Aim of the task:
Tally the lines below that contain the word "Christmas", then give the tally alone.

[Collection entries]
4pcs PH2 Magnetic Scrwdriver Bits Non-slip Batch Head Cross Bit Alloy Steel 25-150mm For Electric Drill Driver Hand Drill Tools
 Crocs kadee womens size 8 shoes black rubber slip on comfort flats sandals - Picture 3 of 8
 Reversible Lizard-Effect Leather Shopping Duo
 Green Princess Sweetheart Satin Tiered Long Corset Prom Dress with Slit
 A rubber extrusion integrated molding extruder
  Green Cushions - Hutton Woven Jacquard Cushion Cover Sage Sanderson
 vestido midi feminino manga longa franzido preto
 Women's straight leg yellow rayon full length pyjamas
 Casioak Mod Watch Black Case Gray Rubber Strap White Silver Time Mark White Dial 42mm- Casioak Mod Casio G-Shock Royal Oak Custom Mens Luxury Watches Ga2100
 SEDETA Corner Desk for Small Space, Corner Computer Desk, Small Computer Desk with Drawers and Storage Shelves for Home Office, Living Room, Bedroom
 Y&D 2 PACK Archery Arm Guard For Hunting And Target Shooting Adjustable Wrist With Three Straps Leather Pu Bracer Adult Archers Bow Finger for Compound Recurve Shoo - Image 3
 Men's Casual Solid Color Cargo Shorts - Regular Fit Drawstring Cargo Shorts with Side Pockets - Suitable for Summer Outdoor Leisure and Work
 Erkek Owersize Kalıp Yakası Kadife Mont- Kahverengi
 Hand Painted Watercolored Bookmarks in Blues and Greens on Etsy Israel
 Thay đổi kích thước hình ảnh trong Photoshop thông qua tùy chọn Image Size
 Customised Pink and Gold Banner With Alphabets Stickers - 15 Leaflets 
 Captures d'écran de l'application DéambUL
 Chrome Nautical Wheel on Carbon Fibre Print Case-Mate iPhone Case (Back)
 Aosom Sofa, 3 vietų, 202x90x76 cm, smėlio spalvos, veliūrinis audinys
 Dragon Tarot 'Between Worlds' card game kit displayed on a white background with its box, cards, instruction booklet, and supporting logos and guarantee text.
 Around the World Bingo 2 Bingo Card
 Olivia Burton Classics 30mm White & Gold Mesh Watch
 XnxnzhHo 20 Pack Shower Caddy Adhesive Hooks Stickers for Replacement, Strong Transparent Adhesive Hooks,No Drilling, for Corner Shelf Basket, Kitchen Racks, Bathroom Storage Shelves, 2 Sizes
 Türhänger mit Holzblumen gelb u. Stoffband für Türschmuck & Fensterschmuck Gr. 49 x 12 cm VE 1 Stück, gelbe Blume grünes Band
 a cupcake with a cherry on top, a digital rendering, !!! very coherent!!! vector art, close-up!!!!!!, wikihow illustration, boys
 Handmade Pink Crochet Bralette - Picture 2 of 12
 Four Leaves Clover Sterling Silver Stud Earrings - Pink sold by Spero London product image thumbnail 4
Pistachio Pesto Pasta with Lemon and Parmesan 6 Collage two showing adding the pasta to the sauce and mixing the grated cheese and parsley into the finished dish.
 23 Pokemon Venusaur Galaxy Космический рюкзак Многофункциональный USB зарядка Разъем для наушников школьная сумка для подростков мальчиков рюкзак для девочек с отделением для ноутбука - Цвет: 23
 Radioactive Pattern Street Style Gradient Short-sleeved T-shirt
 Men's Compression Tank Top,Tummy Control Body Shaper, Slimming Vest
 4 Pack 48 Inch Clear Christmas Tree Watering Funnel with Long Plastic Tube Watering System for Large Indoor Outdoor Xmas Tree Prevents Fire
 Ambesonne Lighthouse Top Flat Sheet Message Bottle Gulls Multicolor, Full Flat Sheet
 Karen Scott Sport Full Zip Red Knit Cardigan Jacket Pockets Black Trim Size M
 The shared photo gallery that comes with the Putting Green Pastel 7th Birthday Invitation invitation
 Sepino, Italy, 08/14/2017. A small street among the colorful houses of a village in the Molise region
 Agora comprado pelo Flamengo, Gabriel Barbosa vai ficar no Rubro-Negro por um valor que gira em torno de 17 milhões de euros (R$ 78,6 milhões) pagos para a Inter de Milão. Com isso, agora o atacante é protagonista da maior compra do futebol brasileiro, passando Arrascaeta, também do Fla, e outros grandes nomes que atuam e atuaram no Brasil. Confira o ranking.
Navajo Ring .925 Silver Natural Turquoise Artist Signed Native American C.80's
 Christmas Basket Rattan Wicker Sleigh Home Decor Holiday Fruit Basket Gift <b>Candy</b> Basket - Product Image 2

Solution to the exercise:
2